Part IV - Why Church is Good

            This is why we need religious community. Because in the religious context, the presence of God is lifted up, is celebrated, and is named in a deliberate way. More pointedly, the religious context offers language and subtext that can shape one’s awareness and understanding of the presence of the divine in people’s relationships and individual lives. In the religious arena, in churches, the potential is there for a felicitous relationship between and among the people to lead one to a profound experience of God than one cannot achieve through isolation, and one is brought to a place where a relationship with the divine can be facilitated. We need the relationships of a religious community to experience God because it is in our relationships with the other that we can come to experience God. I think Martin Buber, Emmanuel Levinas, and Jacques Lacan among others, said something to that effect but in a much more in-depth and dry fashion.

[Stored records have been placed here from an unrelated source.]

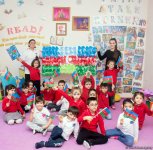 Самые маленькие дети показали свою любовь к флагу Азербайджана (ФОТО)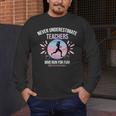 Never Underestimate Teachers Who Runs For Fun Men's Long Sleeve T-Shirt, funny design Never Underestimate Teachers Who Runs For Fun Men's Long Sleeve T-Shirt, funny design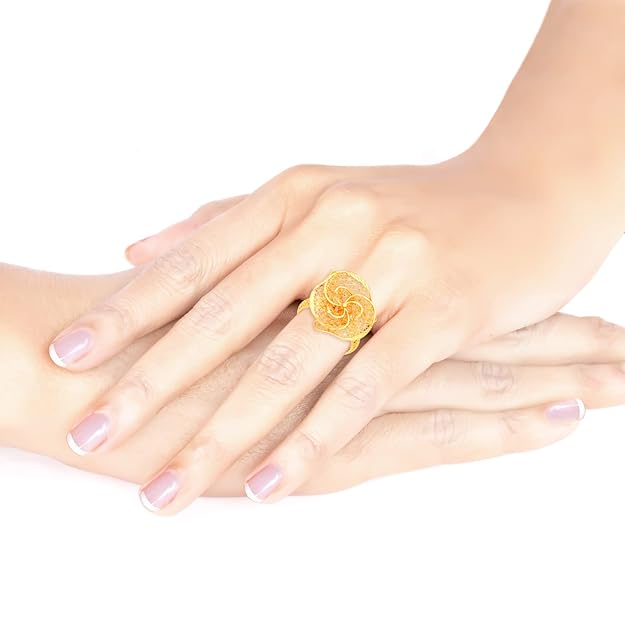 Malabar Gold & Diamonds Gold Ring for Women 22k Pure Gold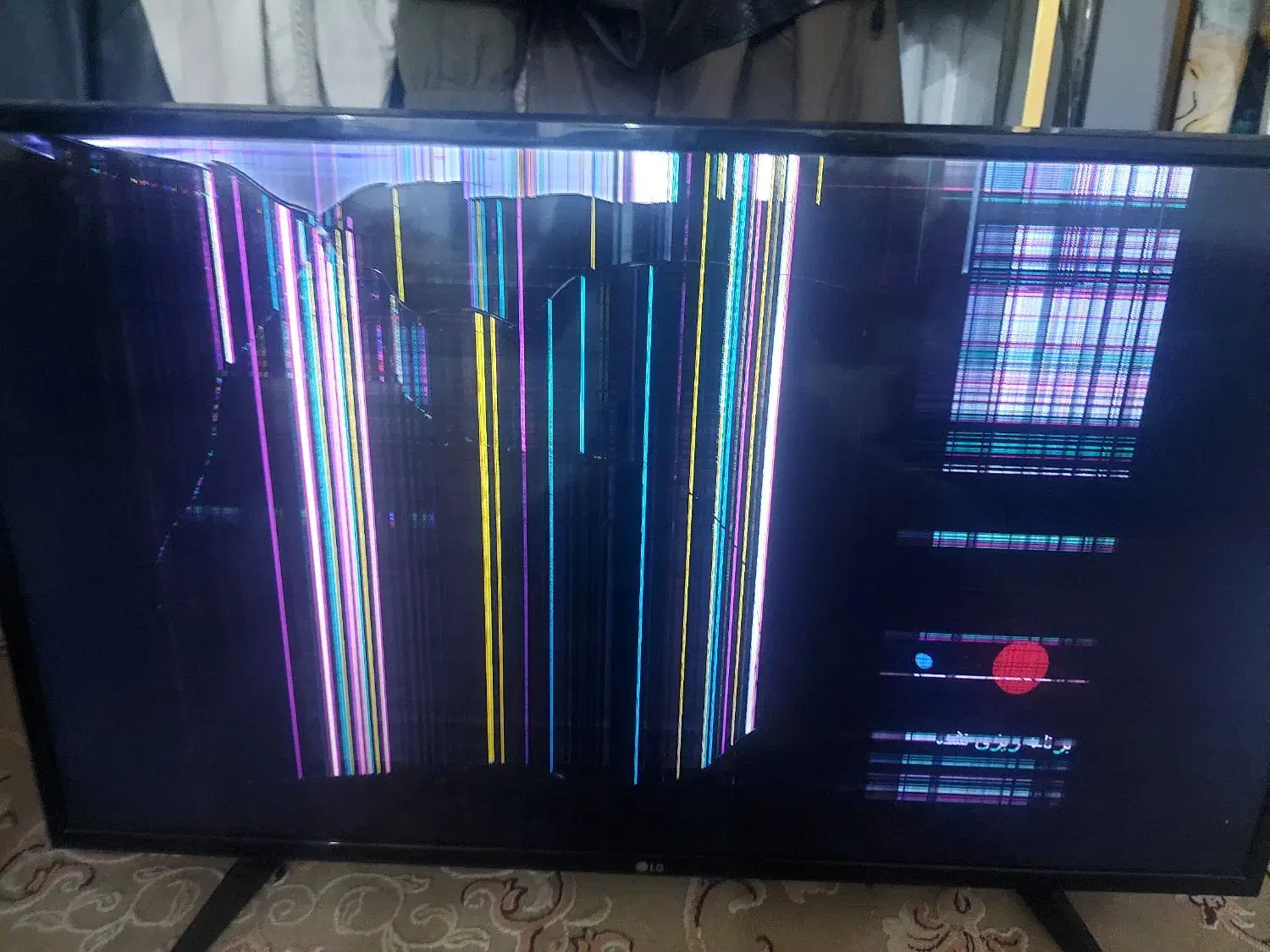 تلوزیون ۴۳ اینچ الجی|تلویزیون و پروژکتور|همدان, |دیوار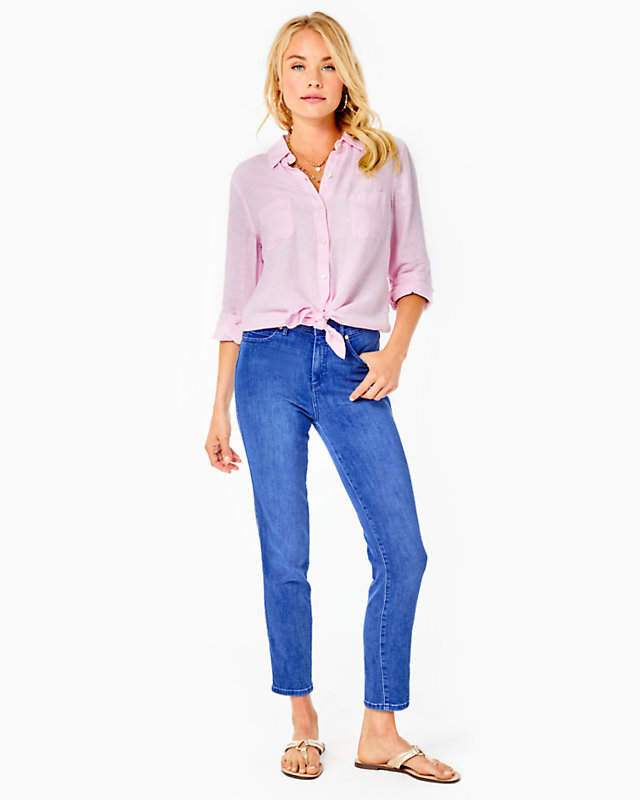 29" South Ocean High Rise Skinny Ankle Jean | Lilly Pulitzer Outlet - LillypulitzerOutlets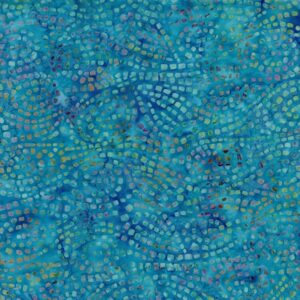 Tonga Cabo Batiks B7512-Turquoise Dotted Swirls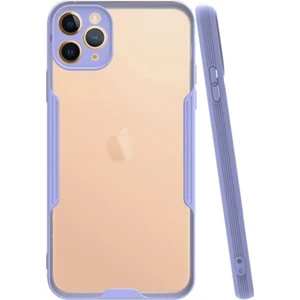 Apple iPhone 11 Pro Max Kılıf Kamera Korumalı Colorful Kapak - Lila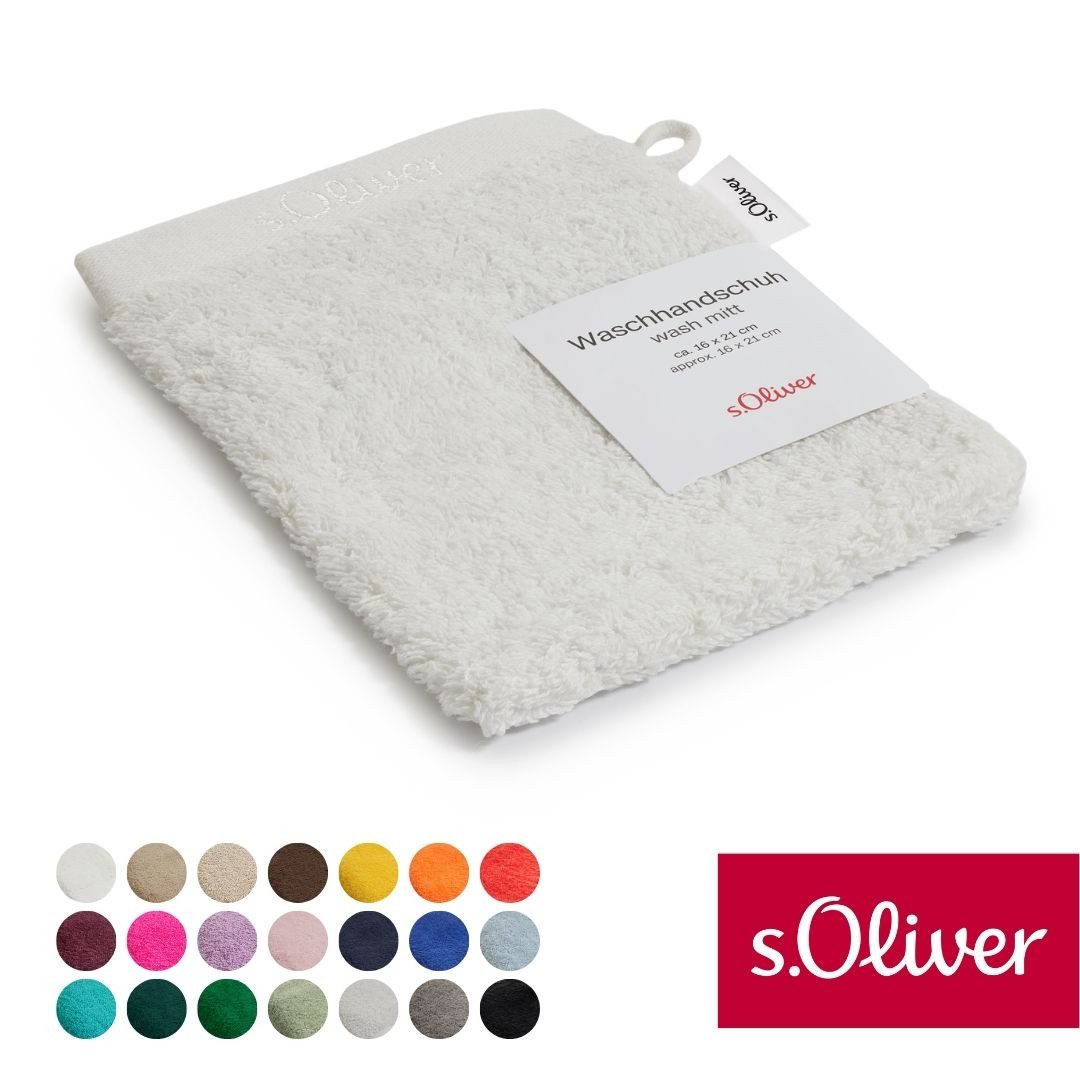 s.Oliver Waschhandschuh s.Oliver, Premium Qualität, 600 gr/m², auch als Sets erhältlich, Walkfrottier (1-St), große Farbauswahl, auch als Duschtuch, Handtuch, Gästetuch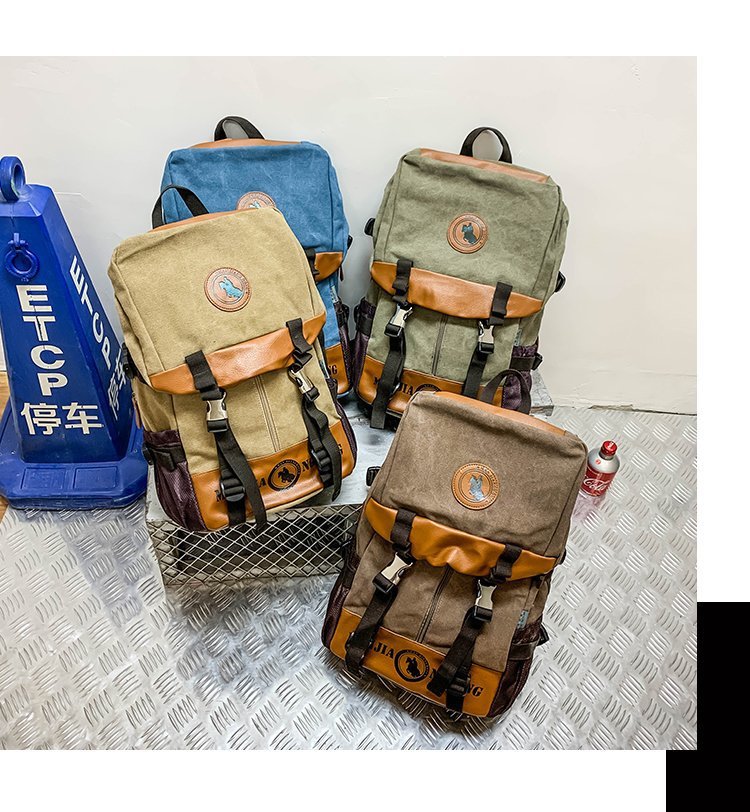 Men's and Women's Backpack Fashion Trend Canvas Backpack Youth Computer Backpack College Students Bag Leisure Travel Bag Men's and Women's Backpack Fashion Trend Canvas Backpack Youth Computer Backpack College Students Bag Leisure Travel Bag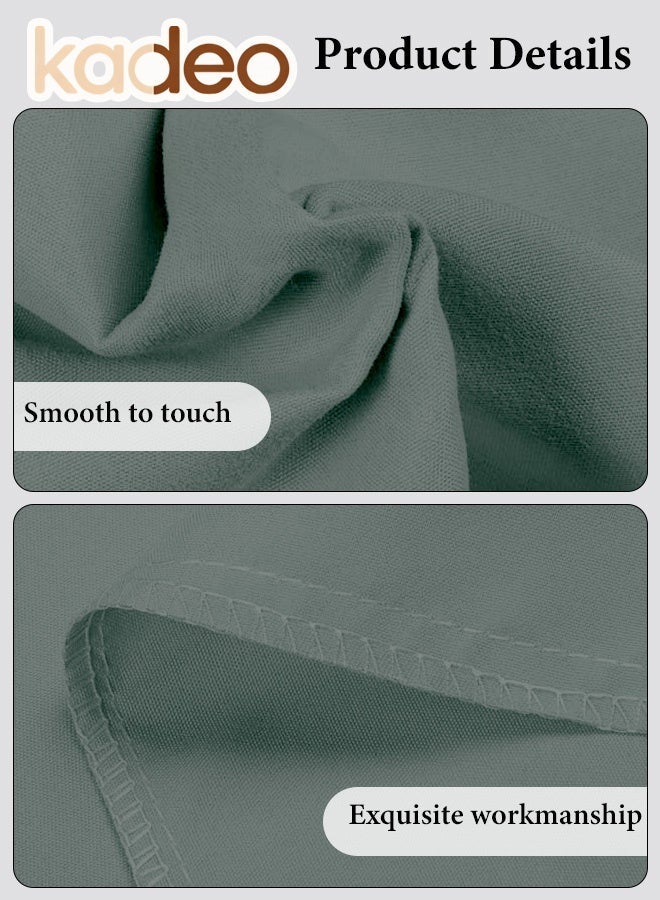 kadeo 2PCS 100% Cotton Pillowcase, Breathable and Soft Pillow Covers with Envelope Closure, Room Decor for Women Men, 48x74CM - Image 5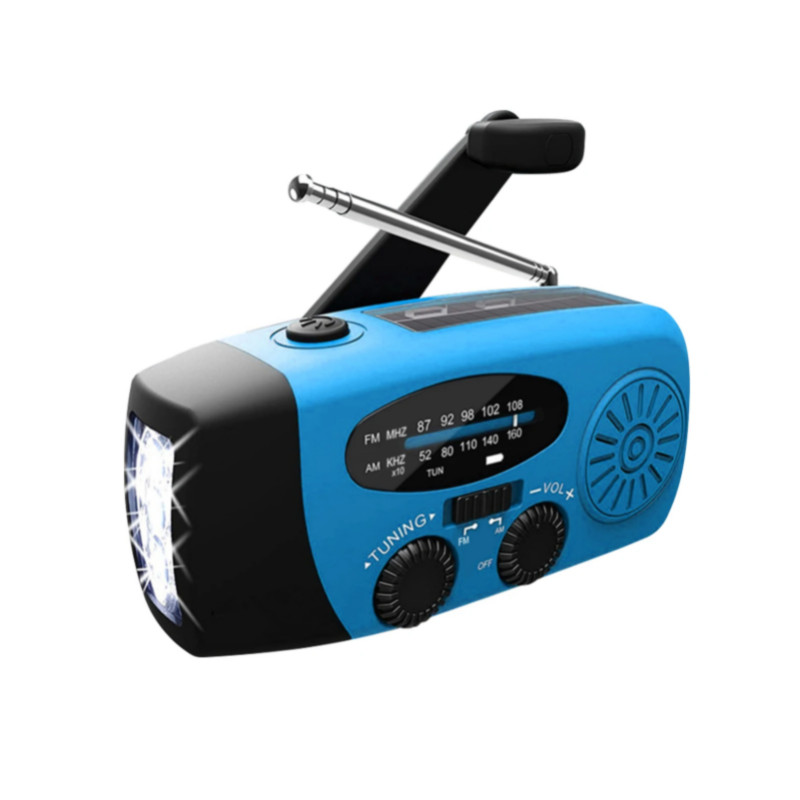 Emergency Radio Hand Crank Solar Weather Radio 2000mAh AM / FM Emergency Weather Radio Portable Pow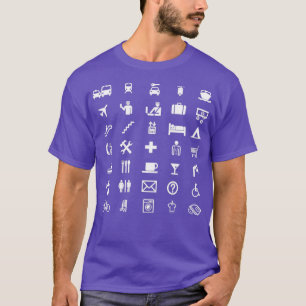 Internationale Reisezeichen in WHITE T-Shirt
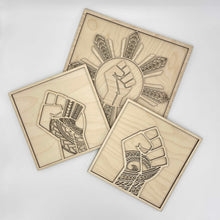 Load image into Gallery viewer, BLM x AAPI Tribal Solidarity Frame v1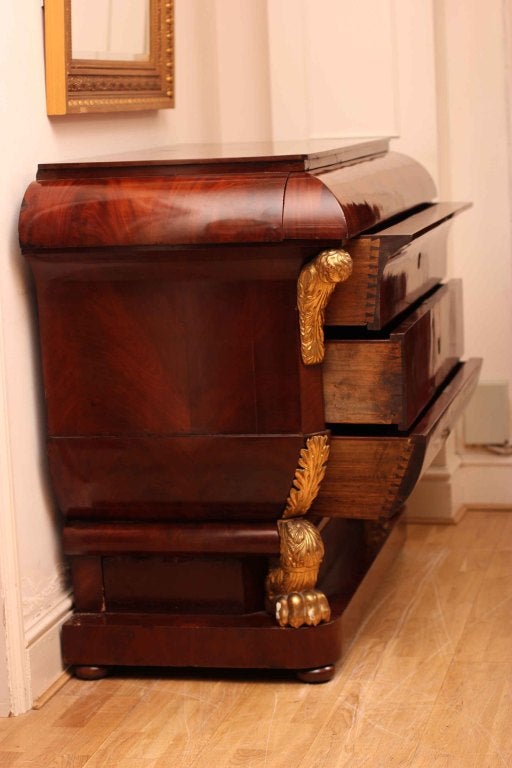 19th Century Viennese Empire Commode Chest Gilded 2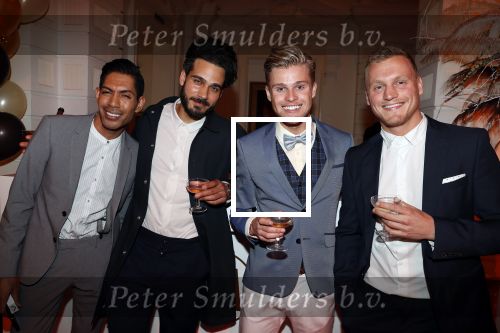 Amsterdam 4 april 2018
Feestje magnum ijs in het Amstel Hotel. Kaj v d Voord en Kay nambiar
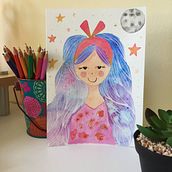 Meu projeto do curso <3 . Un progetto di Pittura ad acquerello di Daniela Silva - 01.09.2020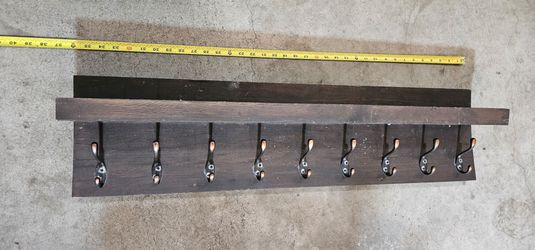 Wood coat hanger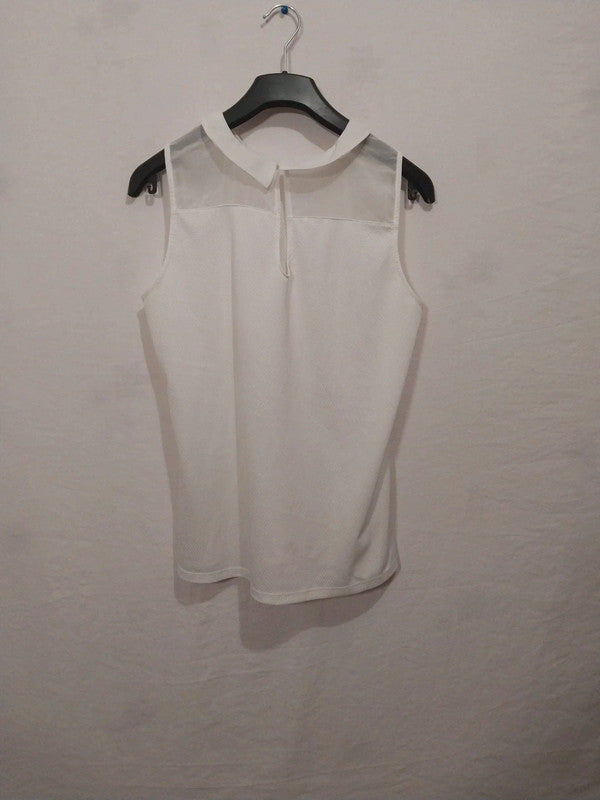 Blouse blanche femme camaïeu taille L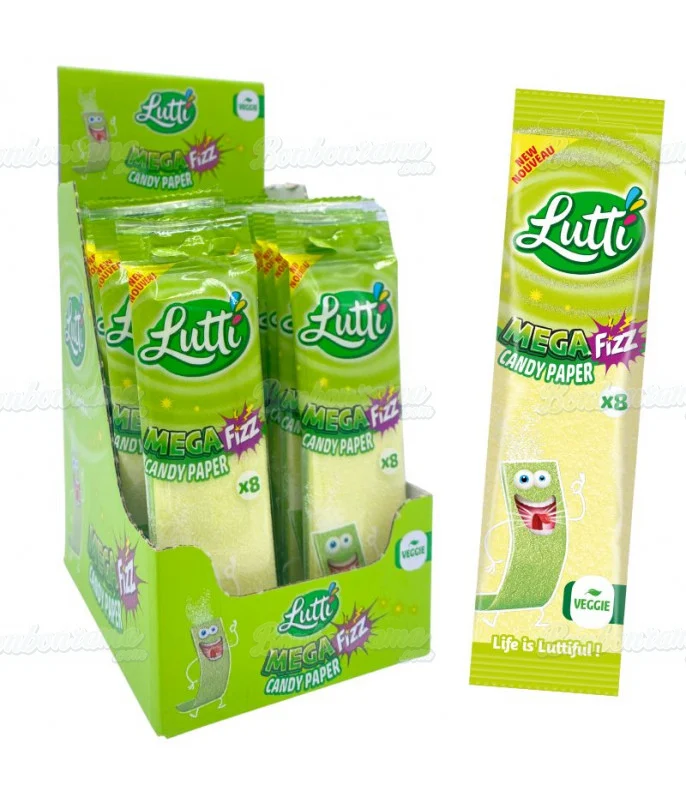 LUTTI MEGA FIZZ CANDY PAPER x24
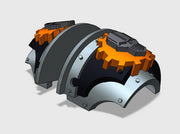 Mechanized Skull - T:2a Cataphractii Shoulder Sets 3d printed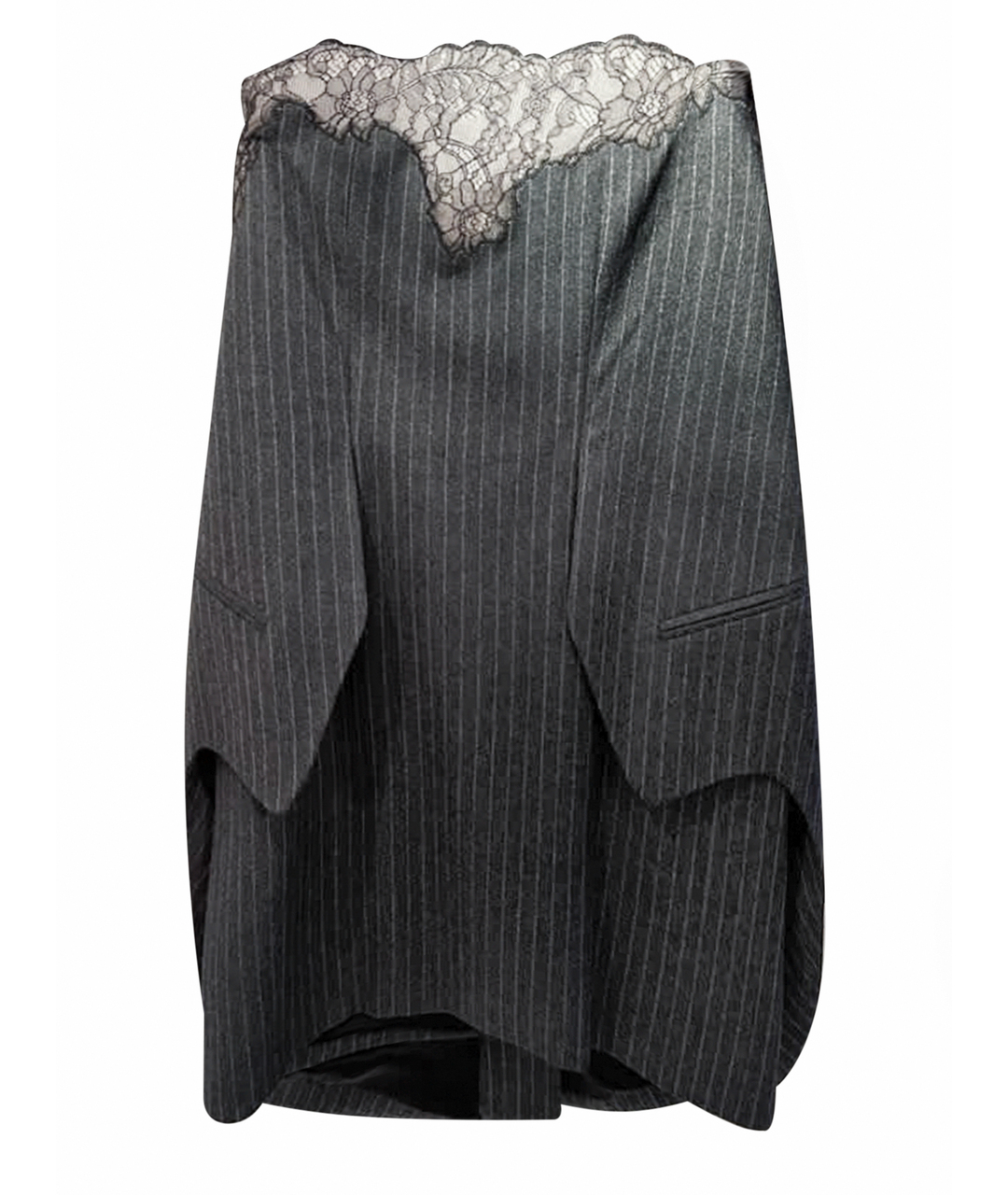 ALEXANDER WANG Серое шерстяное коктейльное платье, фото 1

            A religious community offers more than simply a place to meet people and have deep, meaningful relationships. It is in the religious community that a particular narrative is shared and owned and experienced which informs the relationships of that community. For example, on the one hand everyone may be talking about how God has loved them and continues to love them, and so it is an easy step to make to go to experiencing a loving God in the present relationships of the community. On the other hand, if the narrative of the community is of a selfish, self-centered God who abuses the people, who is rude, and who doesn’t like to share, then we will no doubt find a community of selfish, self-centered, abusive, rude people who don’t like to share and who claim that in that experience you can find a sense of the divine. We like to call that Congress… or Preschool.

        The point is that religious communities come out of a specific narrative that speaks of a specific experience of the divine. It is in the relationships that one has within those religious communities that one can have a deep experience of the divine. I’m not saying that all relationships within a religious community are the same – people have friends, spouses (or maybe just one), Sunday School teachers, acquaintance’s, etc. and all will vary in their own way. Yet even within the diversity of those relationships, the presence of God can be an underlying thread pulling all together.

            I recognize that there are a number presuppositions and assumptions that I have thrown out here. All the philosophy majors are probably having a fit because I have jumped from one notion to another without doing establishing various claims. I’m happy to be the one to make philosophy majors upset; it is my gift to society. There is a lot of unpacking that can and probably should be done. My hope is that the reader will consider the various relationships that they have, the way in which something greater can be found/experienced in those relationships, and how connecting and being a part of a religious community can even further deepen an awareness of the presence of the divine. In that, your relationship with the divine will deepen, you will grow closer to God.